FE-Prüfstandmodell des BEAT6.1
Abbildung 1: FE-Prüfstandmodell des BEAT6.1 © Fraunhofer IWES/Matthis Graßmann

Die Simulation des Prüfstandes erfolgt in zwei Lastschritten: Im ersten Lastschritt wird die Erdbeschleunigung aufgeprägt und die Bolzen auf ihre erforderliche Vorspannkraft „angezogen“. Anschließend wird den modellierten Zylindern ihre jeweilige Kraft in einem zweiten Lastschritt vorgegeben. Dies ermöglicht es, den virtuellen Prüfstand in einen statischen Beanspruchungszustand zu bringen, der identisch mit dem des tatsächlichen Prüfstands ist. Für den Abgleich des Modells mit der Realität und somit der Validierung des Lagerverhaltens werden unterschiedliche Messdaten verwendet. Zum einen kann der Hub der Hydraulikzylinder mit der verformten Position im Modell abgeglichen werden, um das generelle Verhalten des Prüfstandmodells zu untersuchen. Zum anderen werden sowohl am realen Lager als auch am Lagermodell Dehnmesstreifen (DMS) angebracht. Mit dem Abgleich der DMS kann anschließend das Verformungsverhalten der Lager verglichen werden. Zusätzlich werden Lasersensoren angebracht, die an definierten Stellen die Ringverkippung der Testlager bestimmen und mit den Verformungen einzelner Knoten aus dem Modell abgeglichen werden. Somit kann über den Hub der Zylinder der Einfluss des Lagers auf die Verformung des Gesamtmodells untersucht und über die Verkippung der Lagerringe das Lagermodell selbst validiert werden. Diagramm 1 zeigt exemplarisch den Abgleich der DMS für einen experimentellen Test mit den entsprechenden Daten aus der Simulation. Hier wurden insgesamt 12 DMS in 30 Grad Schritten über den Umfang verteilt am Lagerinnenring angebracht.
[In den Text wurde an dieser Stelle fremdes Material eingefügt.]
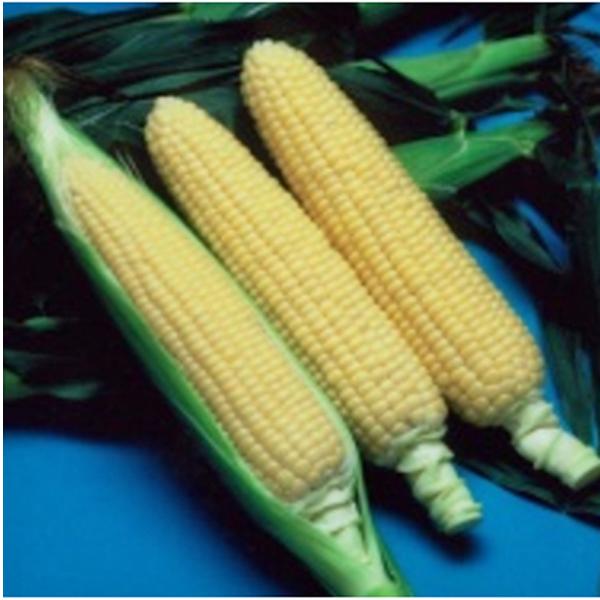 野菜の種/種子 味来390・みらい とうもろこし トウモロコシ 野菜の種/種子 味来390・みらい とうもろこし トウモロコシ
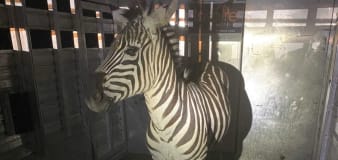 Escaped zebra captured after nearly a week on the lam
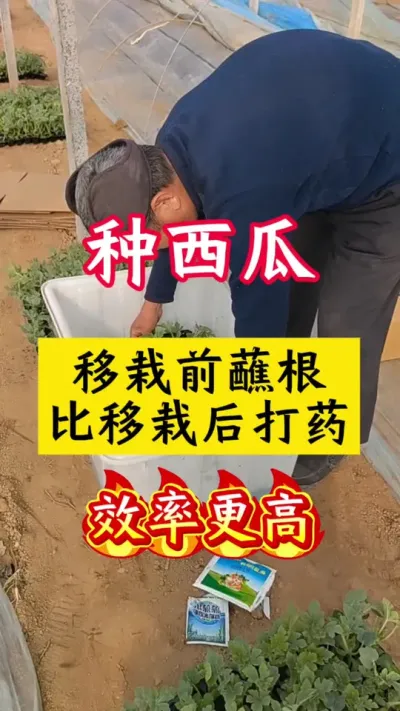 #������#����ݪֲ#����ݪֲ���� #��������#����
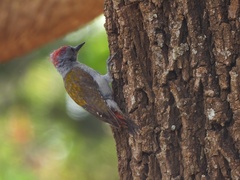Chloropicus spodocephalus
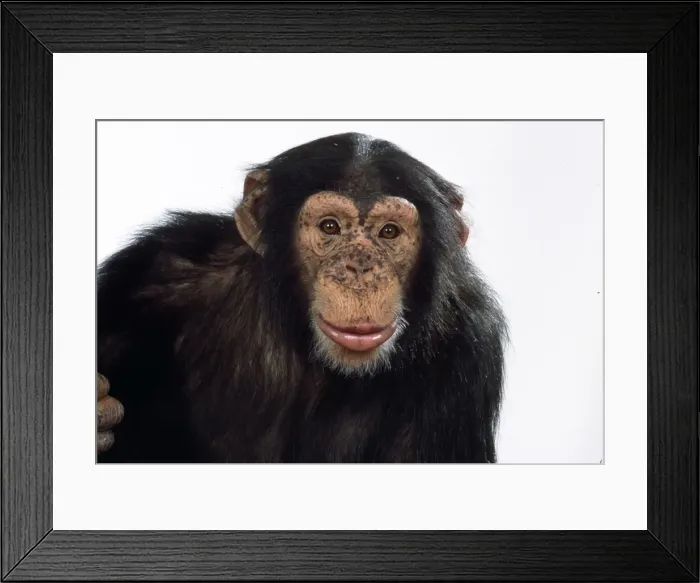 Framed Print : Picture No. 10922516 Framed Print : Picture No. 10922516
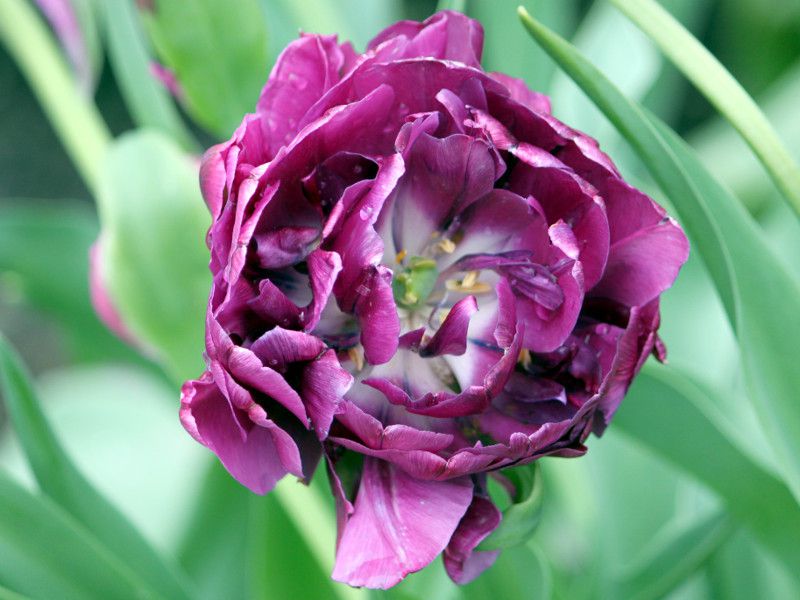 �`���[���b�v�E�u���[�_�C�������h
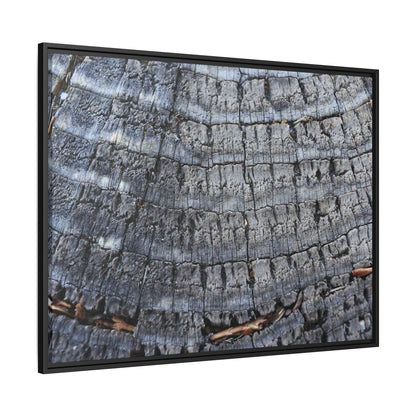 Charred Memories - Unique Stretched Canvas Wall Art - Art By Earth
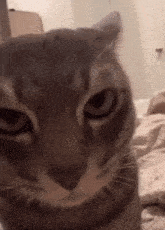 Stare Cat Side Eye Cat GIF - Stare Cat Side Eye Cat Cat Meme GIFs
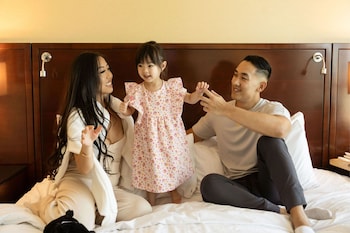 Ropa de cama hipoalergénica, edredón y camas con pillow-top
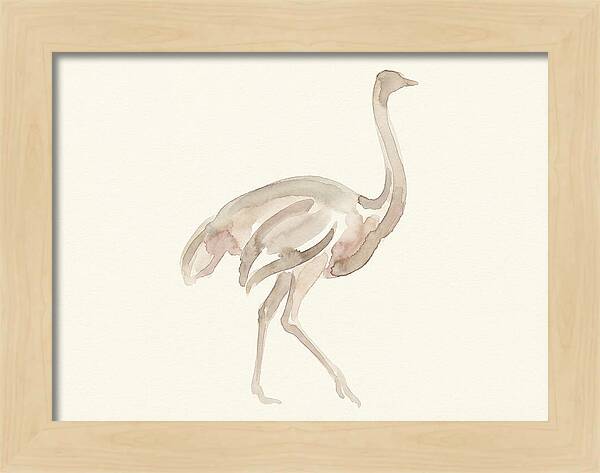 Ostrich In Soft Watercolor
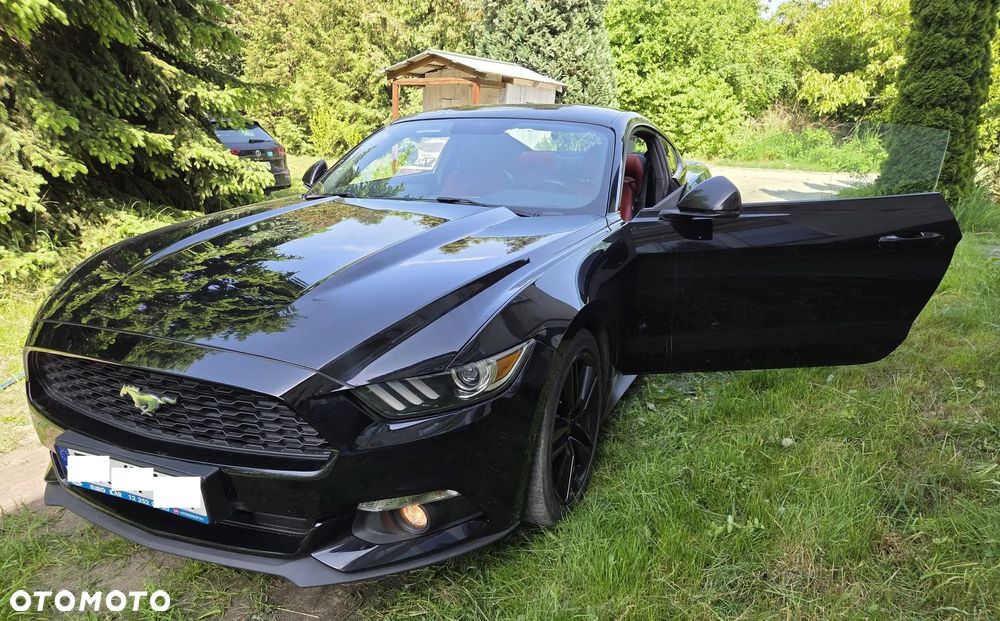 Ford Mustang - 1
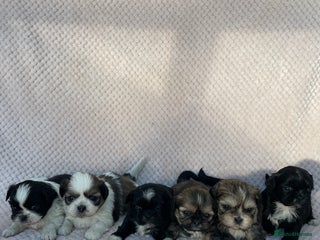 Mixed Breed dogs Lhasa apso cross shihtzu puppies. - Advert 1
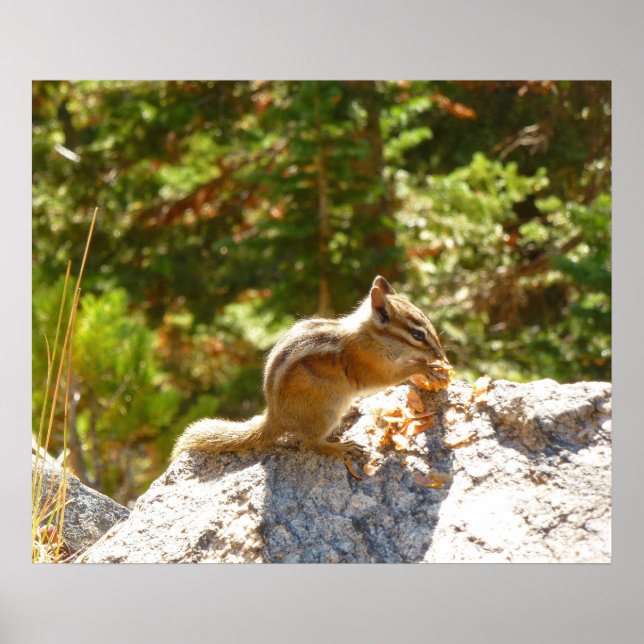 Rocky Mountain-Streifenhörnchen Poster (Vorne)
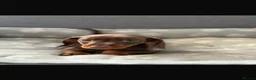 Dachshund dogs for sale: Miniature Dachshund puppies  - Advert 8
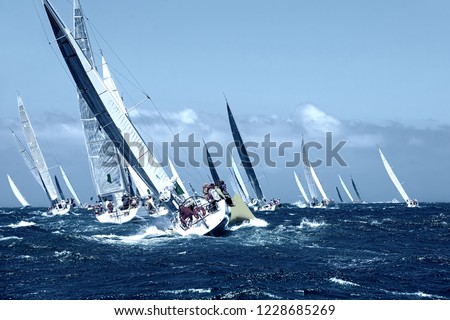 Sailboats yachts under sail with spinnakers at the regatta. Sailing yacht race. Yachting Royalty-Free Stock Photo #1228685269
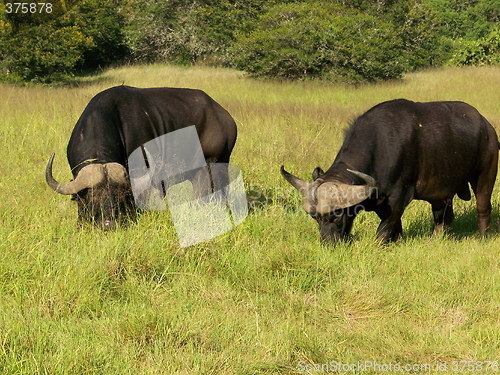 Image of buffalo  grazing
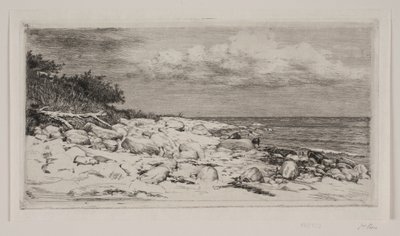 Rocky Shore by Carl Bloch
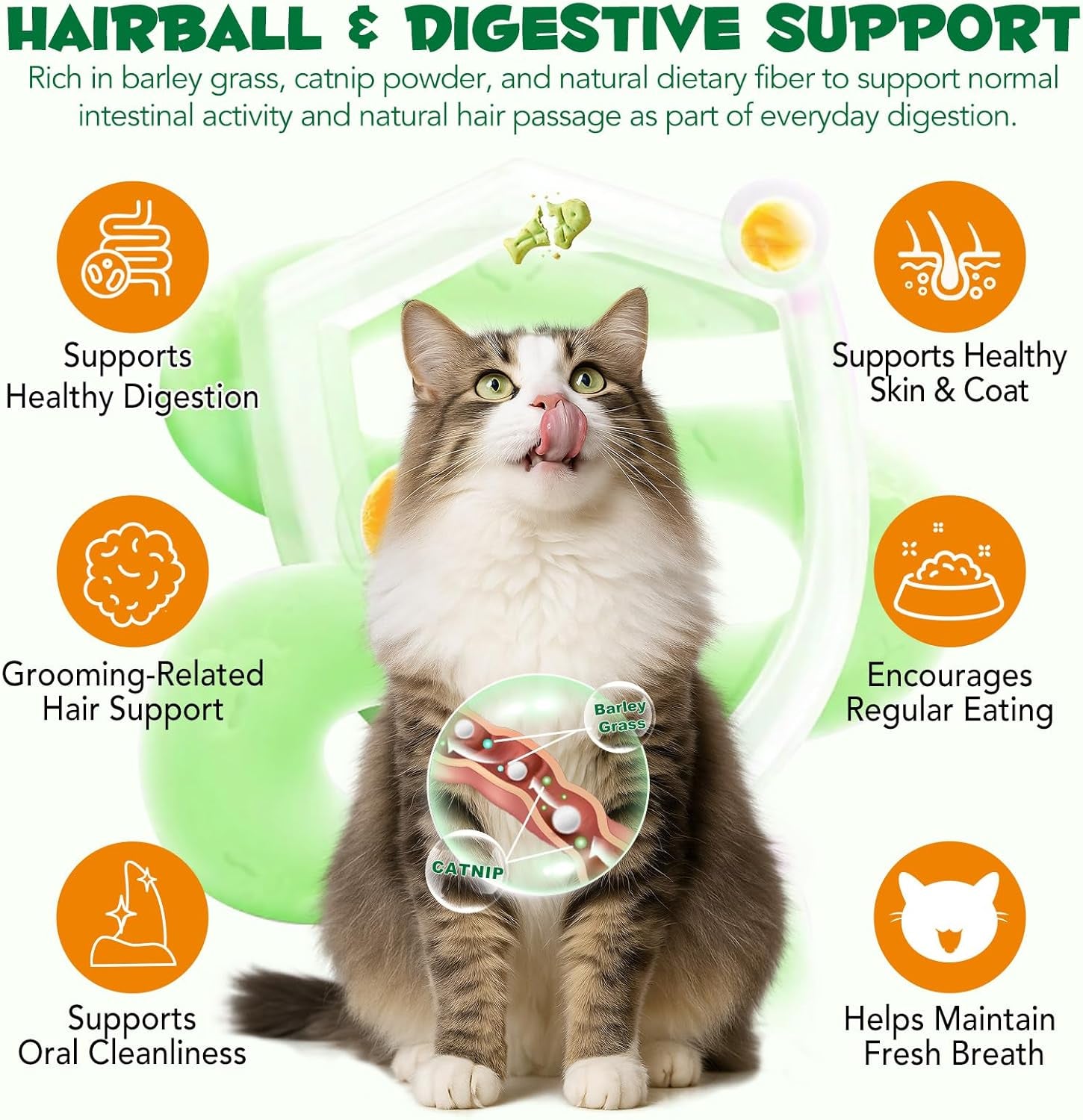 180g-6-4oz-cat-grass-treats-for-hairball-control-natural-teeth-cleaning-fresh-breath-crunchy-catnip-flavored-biscuits-with-barley-grass-cat-training-rewards-for-all-breeds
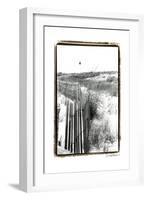 Cape May Lighthouse II-Laura Denardo-Framed Art Print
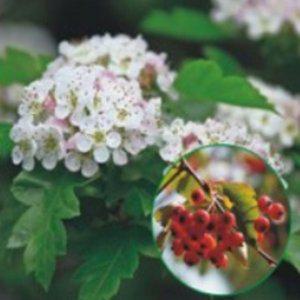 산사나무 소교목 나무 종자 오가피 낙엽활엽소교목 활엽수 홈가드닝 식물 돌매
Deutlich zu erkennen ist, dass der qualitative Verlauf beider Kurven sehr ähnlich verläuft.

Diagramm: Vergleich der experimentellen und simulativen Werte der DMS am Lagerinnenring
Diagramm 1: Vergleich der experimentellen und simulativen Werte der DMS am Lagerinnenring © Fraunhofer IWES/Matthis Graßmann

Die erfolgreiche Validierung dieses FE-Prüfstandmodells bietet erhebliche Vorteile: Zum einen können die Adapterbauteile zuverlässiger ausgelegt werden, sodass eine realistische Beanspruchung des Blattlagers bei einem beschleunigten Dauerlauf gewährleistet werden kann. Zum anderen bieten die während des Tests aufgezeichneten Daten eine einzigartige Möglichkeit zur Validierung der FE-Lagermodelle.

Die Weiterentwicklung des virtuellen Prüfstands am IWES lässt sich in zwei Zeithorizonte unterteilen: Kurzfristig wird das Prüfstandmodell die Weiterentwicklung und Validierung der Modellierungsmethoden von Großwälzlagern ermöglichen. Mittel- bis langfristig soll neben der Abbildung der Testumgebung und einer numerischen Testauslegung, auch das Lager virtuell dahingehend geprüft werden können, dass eine zuverlässige Lebensdauerberechnung möglich ist.